Side Letter year one: What we learned
At the start of the year we launched Side Letter as a vessel to bring subscribers a timely brief of what to read, why to read it and why we think it matters. We’ve had fun writing it and hope you found it fun – and more importantly valuable – to read.
So what did we learn in the first year of Side Letter? One thing is that nothing elicits reader response like an “inside tip”: a teaser of a story that the PEI team is working on and is not quite ready to unveil. Another is that no one type of content trumps all others; the data tell us that you are equally interested in the demise of emerging markets firm Abraaj Group as you are in Howard Marks’ thoughts on the Stop Wall Street Looting Act or revelations about Japanese pension giant GPIF’s investment strategy (these were some of our most opened and clicked-on emails of the year). We also learned that it’s not easy to come up with six perfectly formed puns four times a week.
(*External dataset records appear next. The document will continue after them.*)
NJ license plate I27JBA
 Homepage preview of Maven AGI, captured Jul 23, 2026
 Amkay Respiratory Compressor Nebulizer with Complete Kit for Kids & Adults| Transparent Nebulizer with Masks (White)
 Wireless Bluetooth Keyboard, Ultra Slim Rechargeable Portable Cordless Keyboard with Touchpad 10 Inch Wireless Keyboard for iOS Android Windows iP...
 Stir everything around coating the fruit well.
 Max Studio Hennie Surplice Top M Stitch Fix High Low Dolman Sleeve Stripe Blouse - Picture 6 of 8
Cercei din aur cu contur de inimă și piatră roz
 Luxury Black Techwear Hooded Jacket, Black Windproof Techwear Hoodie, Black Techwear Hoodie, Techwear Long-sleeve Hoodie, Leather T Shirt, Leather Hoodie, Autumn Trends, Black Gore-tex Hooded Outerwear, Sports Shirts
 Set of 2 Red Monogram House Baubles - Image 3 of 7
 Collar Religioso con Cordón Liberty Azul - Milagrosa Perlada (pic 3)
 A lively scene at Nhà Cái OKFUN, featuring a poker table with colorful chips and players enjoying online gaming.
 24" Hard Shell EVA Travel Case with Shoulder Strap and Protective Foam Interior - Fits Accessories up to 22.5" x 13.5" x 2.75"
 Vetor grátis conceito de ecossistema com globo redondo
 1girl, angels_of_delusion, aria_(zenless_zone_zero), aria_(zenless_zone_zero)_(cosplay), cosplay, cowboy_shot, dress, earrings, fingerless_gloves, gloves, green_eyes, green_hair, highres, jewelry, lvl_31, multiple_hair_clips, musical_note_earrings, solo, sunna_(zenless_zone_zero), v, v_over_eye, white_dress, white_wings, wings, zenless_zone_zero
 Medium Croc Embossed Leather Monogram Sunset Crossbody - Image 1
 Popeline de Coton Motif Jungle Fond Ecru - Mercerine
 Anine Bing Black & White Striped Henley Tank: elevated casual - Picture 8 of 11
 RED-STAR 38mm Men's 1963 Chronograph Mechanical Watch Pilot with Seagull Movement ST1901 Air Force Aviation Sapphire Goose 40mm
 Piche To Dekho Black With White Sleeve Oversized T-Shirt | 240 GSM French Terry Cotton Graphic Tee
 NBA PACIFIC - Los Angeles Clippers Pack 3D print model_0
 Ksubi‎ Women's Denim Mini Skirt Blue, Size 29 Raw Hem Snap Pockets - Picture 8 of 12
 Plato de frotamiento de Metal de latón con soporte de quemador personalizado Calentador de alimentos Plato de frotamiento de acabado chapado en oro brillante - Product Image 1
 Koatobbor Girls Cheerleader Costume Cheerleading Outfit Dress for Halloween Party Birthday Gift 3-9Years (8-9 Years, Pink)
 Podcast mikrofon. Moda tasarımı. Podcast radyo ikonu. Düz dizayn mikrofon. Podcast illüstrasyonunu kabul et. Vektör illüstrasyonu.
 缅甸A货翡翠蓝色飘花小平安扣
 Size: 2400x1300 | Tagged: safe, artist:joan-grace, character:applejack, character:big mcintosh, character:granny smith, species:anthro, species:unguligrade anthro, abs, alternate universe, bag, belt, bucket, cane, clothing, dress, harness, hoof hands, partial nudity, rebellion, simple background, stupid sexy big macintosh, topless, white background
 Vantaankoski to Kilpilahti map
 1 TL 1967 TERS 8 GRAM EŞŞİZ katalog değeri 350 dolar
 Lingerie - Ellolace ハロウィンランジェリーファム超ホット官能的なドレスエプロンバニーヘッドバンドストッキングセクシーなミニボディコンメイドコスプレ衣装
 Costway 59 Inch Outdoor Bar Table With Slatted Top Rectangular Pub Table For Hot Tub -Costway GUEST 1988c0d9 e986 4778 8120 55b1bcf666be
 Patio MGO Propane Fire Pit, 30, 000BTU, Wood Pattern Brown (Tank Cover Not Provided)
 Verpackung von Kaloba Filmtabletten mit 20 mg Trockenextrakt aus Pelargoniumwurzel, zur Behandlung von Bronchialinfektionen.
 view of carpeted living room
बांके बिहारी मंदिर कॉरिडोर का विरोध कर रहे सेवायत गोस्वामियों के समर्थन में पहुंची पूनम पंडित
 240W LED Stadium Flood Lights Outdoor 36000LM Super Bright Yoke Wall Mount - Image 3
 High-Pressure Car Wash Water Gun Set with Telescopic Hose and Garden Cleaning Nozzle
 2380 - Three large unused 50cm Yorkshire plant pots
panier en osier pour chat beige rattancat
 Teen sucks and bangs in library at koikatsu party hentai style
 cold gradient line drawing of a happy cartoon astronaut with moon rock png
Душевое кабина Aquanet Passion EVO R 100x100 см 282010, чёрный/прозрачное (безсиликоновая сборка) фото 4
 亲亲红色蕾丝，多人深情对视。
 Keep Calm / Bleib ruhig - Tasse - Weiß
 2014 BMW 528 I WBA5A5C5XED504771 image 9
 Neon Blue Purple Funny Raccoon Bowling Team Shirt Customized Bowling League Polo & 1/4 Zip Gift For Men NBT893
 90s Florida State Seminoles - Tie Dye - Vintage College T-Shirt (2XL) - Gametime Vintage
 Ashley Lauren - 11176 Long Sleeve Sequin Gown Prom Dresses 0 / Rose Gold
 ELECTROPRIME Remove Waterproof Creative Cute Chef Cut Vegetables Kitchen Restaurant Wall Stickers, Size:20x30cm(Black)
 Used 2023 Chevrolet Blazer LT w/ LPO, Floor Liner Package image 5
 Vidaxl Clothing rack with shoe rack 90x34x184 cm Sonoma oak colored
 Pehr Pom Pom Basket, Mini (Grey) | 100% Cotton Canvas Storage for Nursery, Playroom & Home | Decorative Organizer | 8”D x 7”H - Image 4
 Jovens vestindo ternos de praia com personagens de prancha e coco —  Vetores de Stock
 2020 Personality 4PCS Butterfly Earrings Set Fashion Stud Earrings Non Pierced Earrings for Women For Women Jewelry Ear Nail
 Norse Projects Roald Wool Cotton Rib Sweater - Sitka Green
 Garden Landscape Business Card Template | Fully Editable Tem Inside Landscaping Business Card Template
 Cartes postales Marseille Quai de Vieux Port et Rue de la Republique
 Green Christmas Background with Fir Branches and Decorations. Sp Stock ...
We have tinkered with the format throughout year one and will continue to do so, so please keep emailing firstname.lastname@example.org to tell us what you like and what you don’t.
The Side Letter team (pictured without Europe senior reporter Carmela Mendoza who is travelling) is taking a break over the festive season and will return fully energised in January. Thanks to all of you who have read us and to those who wrote to us with feedback. We love it and would welcome more.
McGlashan update. The Rise Fund co-founder Bill McGlashan filed his defence argument regarding the college admissions scandal with the US District Court of Massachusetts on Wednesday. It’s a 32-page document that claims, among other things, McGlashan did not pay a single dollar for Rick Singer’s “side door” scheme into the University of Southern California. For a refresher on the allegations and what they mean for impact investing, revisit our coverage here and here.
Tikehau’s HNWI push. Wealthy Italians appear to be hungry for alternatives. France’s Tikehau Capital has raised more than €400 million from Italian high-net-worth individuals for a multi-asset fund targeting private equity, private debt, real estate and special opportunities. The capital was raised from almost 3,000 clients of the Fideuram – Intesa Sanpaolo Private banking networks.
Lucky number 13. Värde Partners has pulled in almost $2.5 billion for its 13th flagship fund, beating its $2 billion target and out-raising its $1.74 billion predecessor by 44 percent. It will invest in credit and credit-related assets. Per a statement, Värde expects opportunities to be “driven by systemic distress factors”, such as financial systems retaining persistent high levels of non-performing loans. Co-CIO Ilfryn Carstairs said there are “significant pockets of distress” around the world against a “backdrop of intense economic uncertainty” which should lead to growing investment opportunities.
Have news or views you’d like to share with us, on this or else? We’d love to hear from you.
Funds in market update. By our account, 2020 is looking like it will be another year of mega-fund closes with at least seven vehicles in market chasing $10 billion or more as of mid-December. For more information on fundraisings as well as more than 5,900 institutions, check out the PEI database.
They said it (with chocolate)
Alternative asset management consultancy MJ Hudson gets into the festive PE spirit with some aptly named industry truffles. Spoiler alert: The ILPA principle and Death by leverage are particularly tasty.